• **What you are asked to do**: Having found the line containing "RESIDENCY | La" in the records below, copy that line and each later one exactly, dropping pictures.

• **Records for this exercise**:

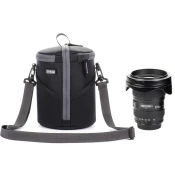 Lens Case Duo 30 crno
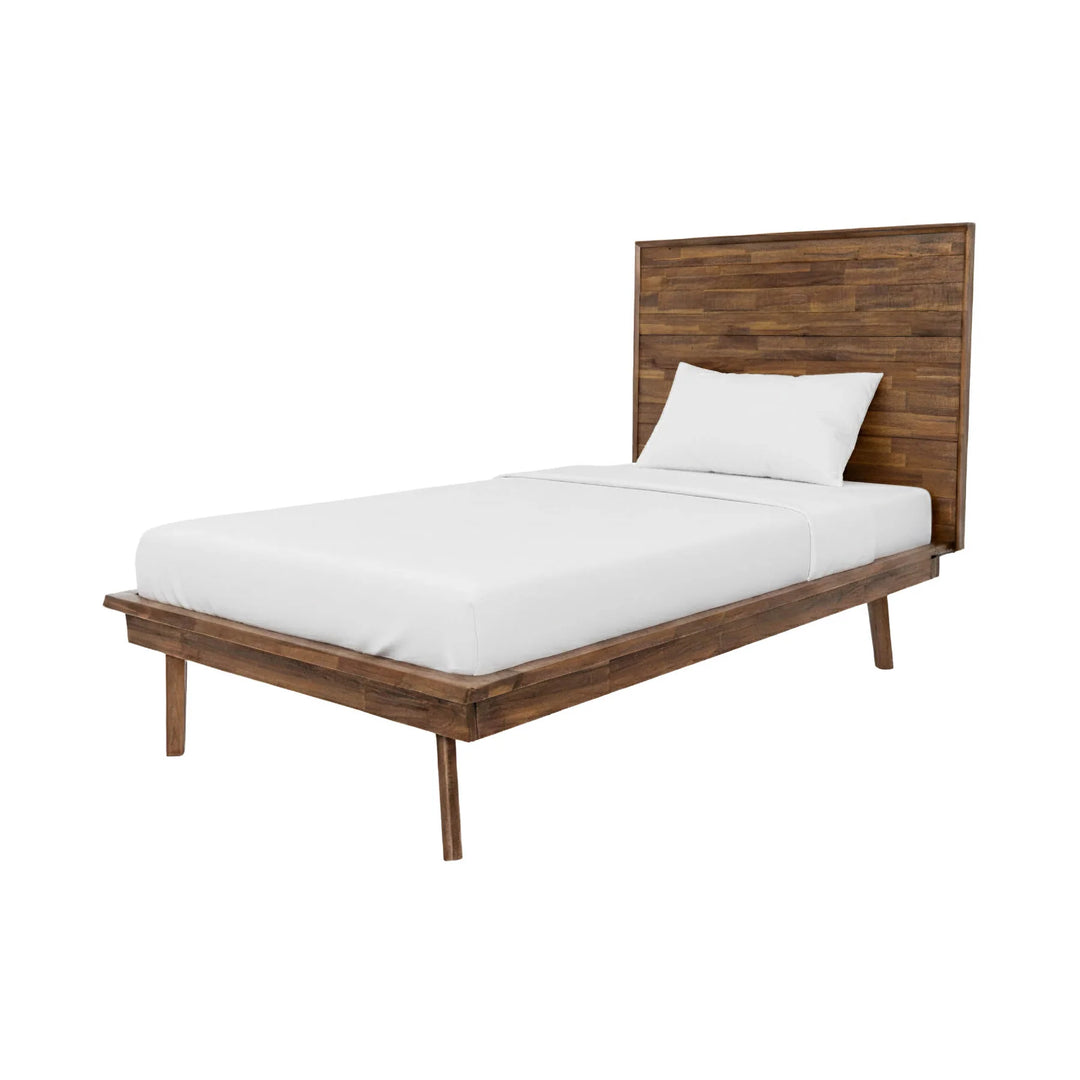 Gia Single Bed Frame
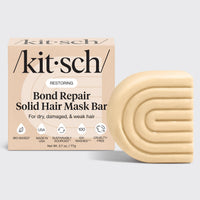 Masque capillaire solide Strengthening Bond Repair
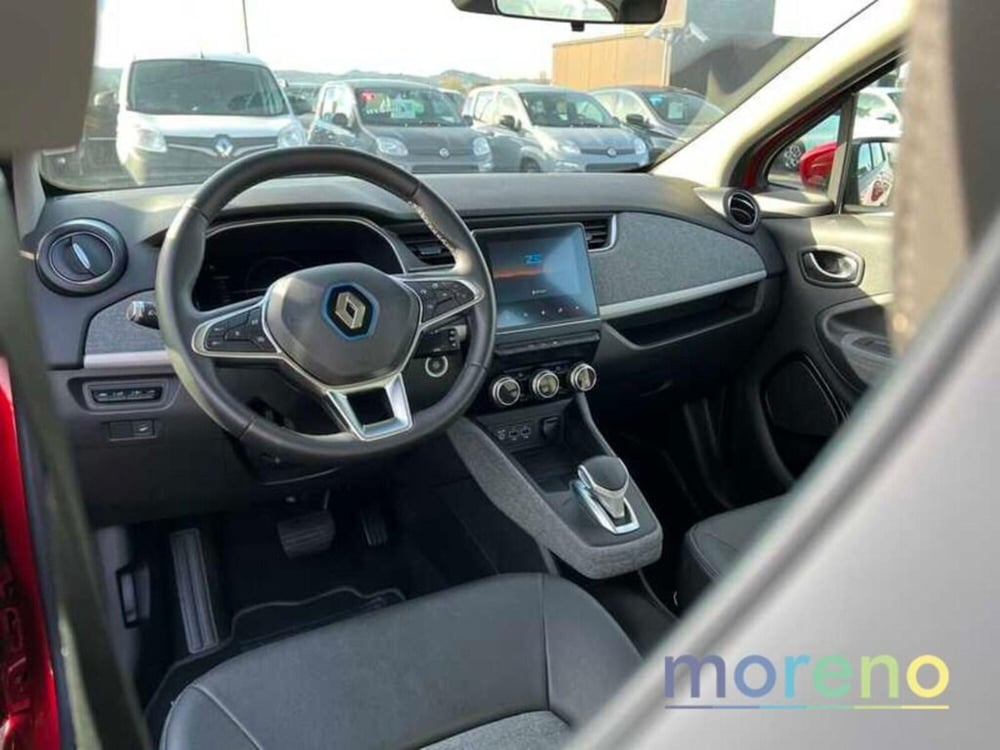 Renault Zoe usata a Ravenna (6)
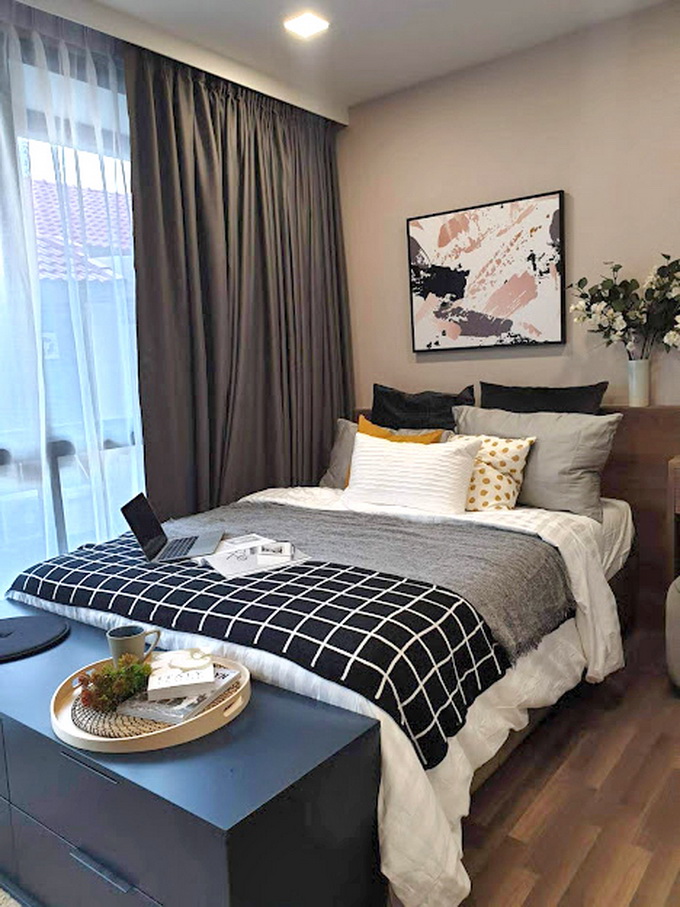 รูปภาพ บล็อค 44 คอนโดมิเนียม (Block 44)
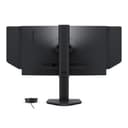 BenQ Zowie XL2540X+ 24.1" Fast TN 280Hz Height Adjustable Esports Gaming Monitor thumbnail 2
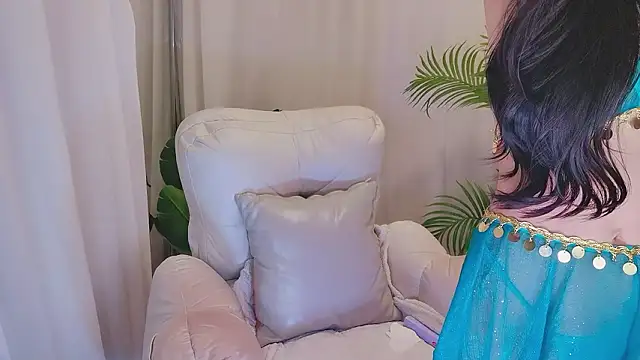 MeettheRainbow live sex cam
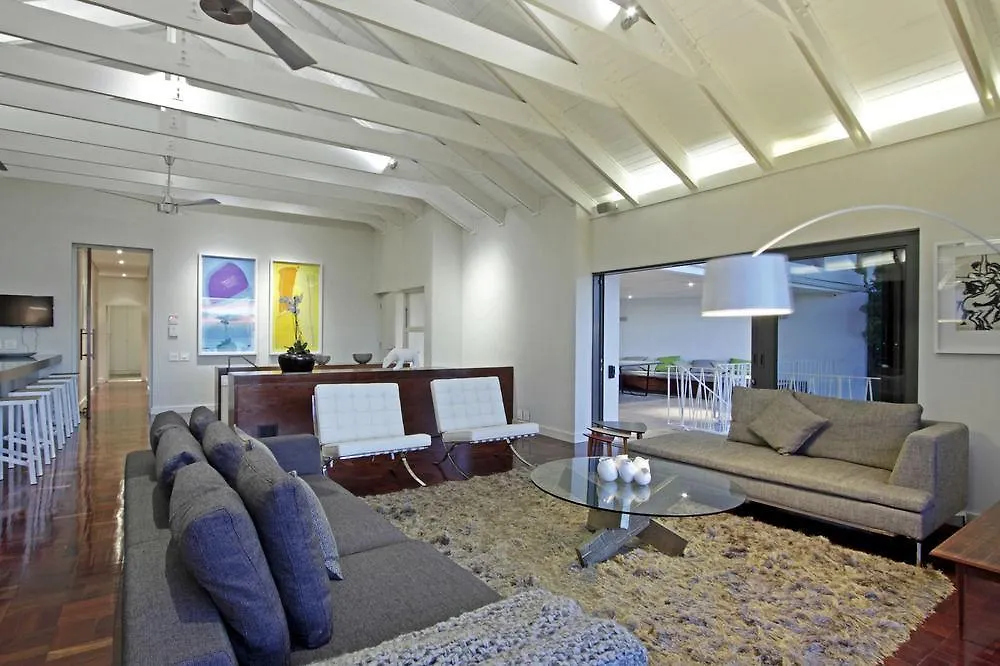 Villa Lavaya Κέιπ Τάουν 0*,  Νότια Αφρική
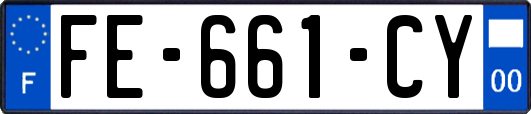 FE-661-CY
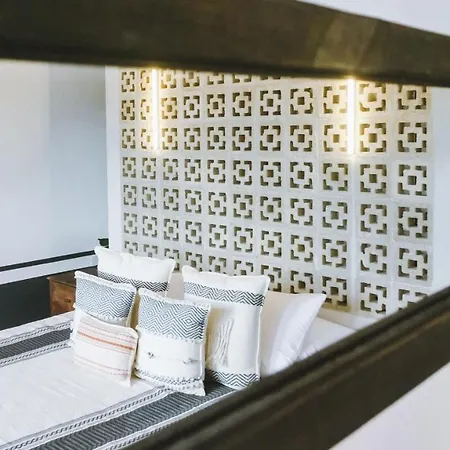 Hotel Hiphipstay - The Colonial Tulum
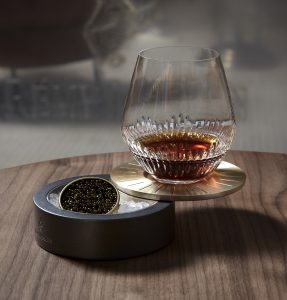 RESIDENCY | La Maison Remy Martin x Claude Bosi at Bibendum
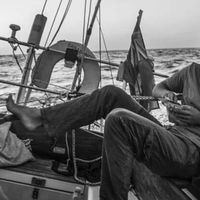 Clement Kalliabetsos的照片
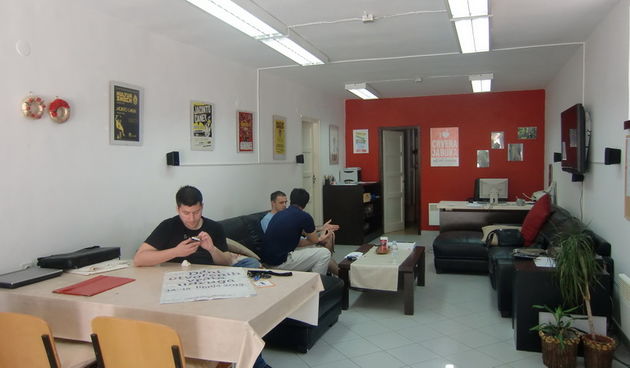 Dan otvorenih vrata udruge Porat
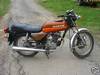 1982 Honda CB100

• **Task solution**:
 RESIDENCY | La Maison Remy Martin x Claude Bosi at Bibendum
 Clement Kalliabetsos的照片
 Dan otvorenih vrata udruge Porat
 1982 Honda CB100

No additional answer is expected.